Captioned web images:
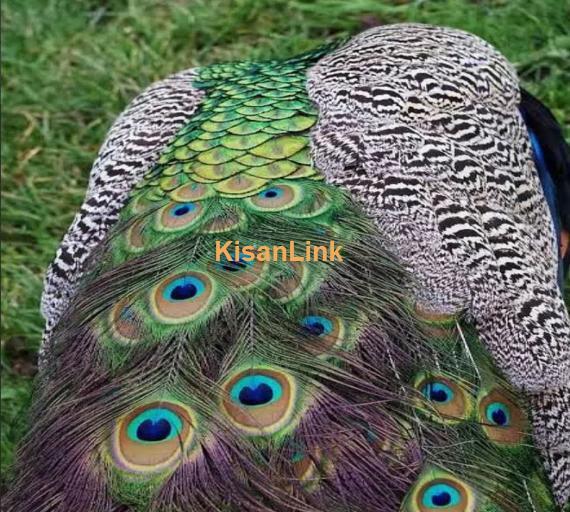 Peacock feathers of my own birds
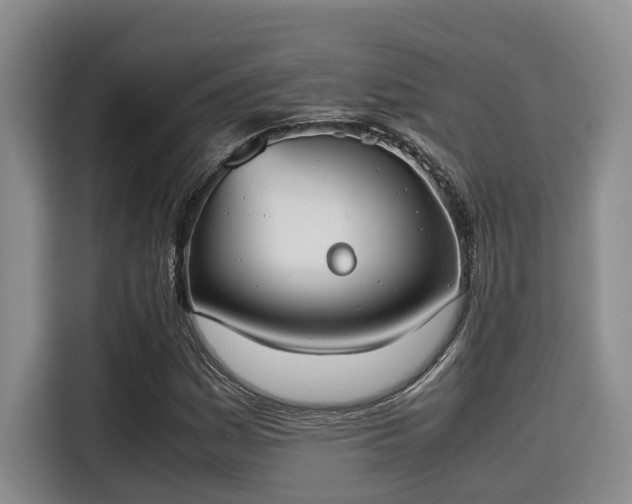 X0000115661161200911190959
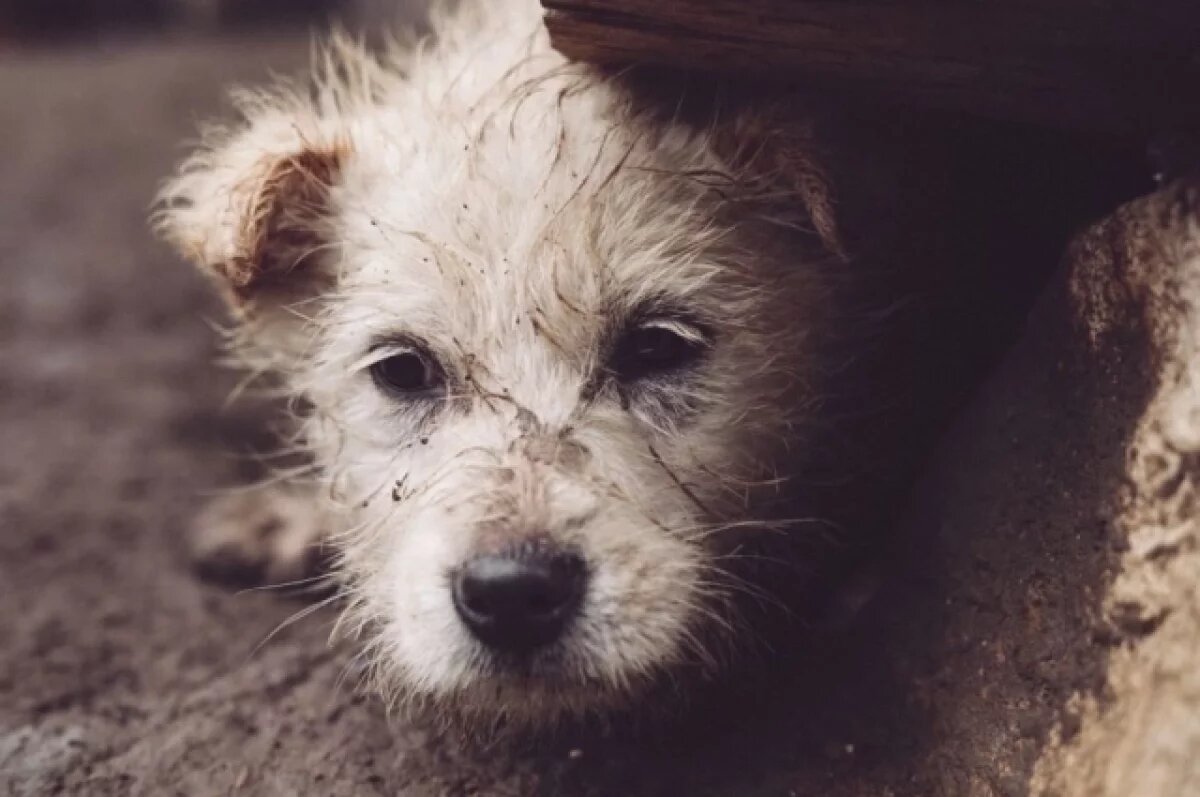    Цена добра.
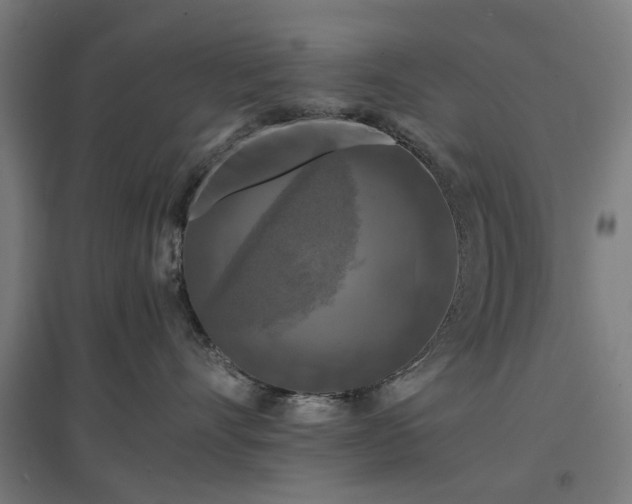 X0000096980528200802151333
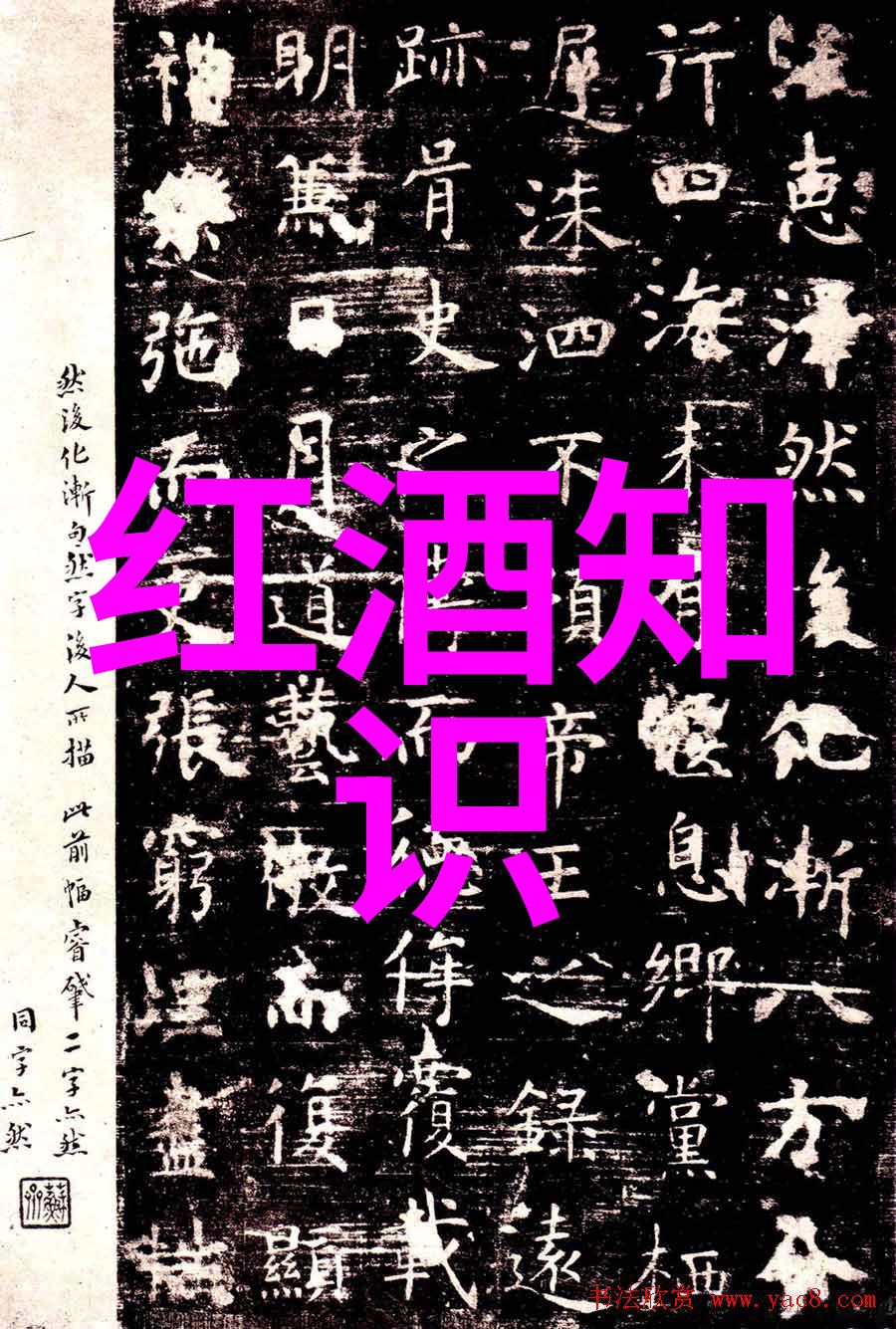 X系列大型活动回顾2022年精彩瞬间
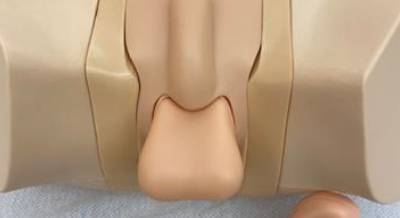 Scrotal Ultrasound Phantom - CEAL Ultrasound Inventory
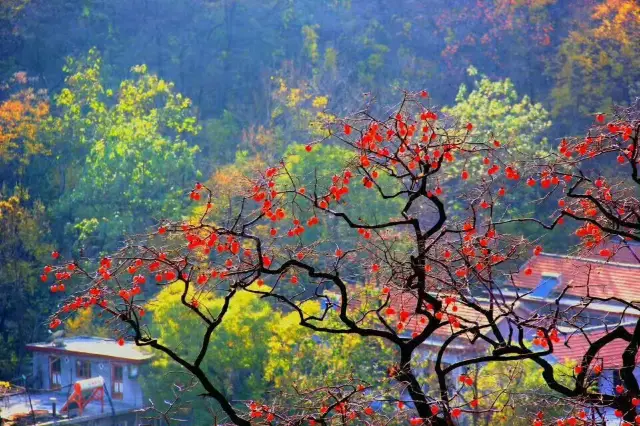 In a place of lifelong infatuation, there are no dreams to Huizhou
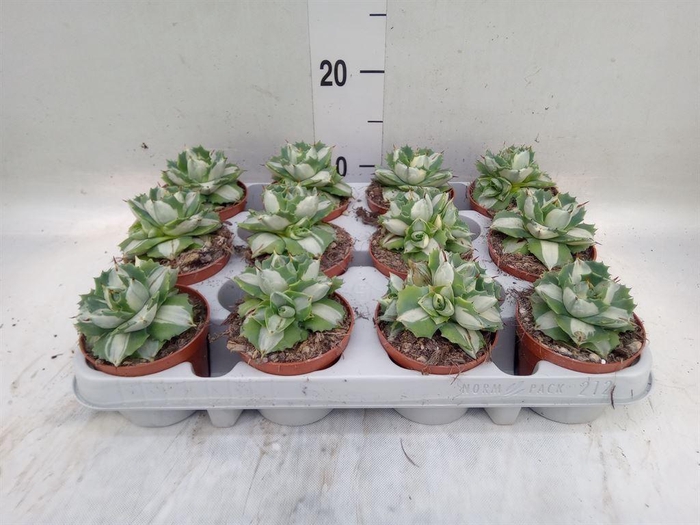 <h4>Agave   ...</h4>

[ACTIVITY]
Copy exactly the lines that run from the line containing "X系列大型活动回顾2022年精彩瞬间" to the end of the data above, keeping both end lines and leaving out all pictures.

[ANSWER AREA]
 X系列大型活动回顾2022年精彩瞬间
 Scrotal Ultrasound Phantom - CEAL Ultrasound Inventory
 In a place of lifelong infatuation, there are no dreams to Huizhou
 <h4>Agave   ...</h4>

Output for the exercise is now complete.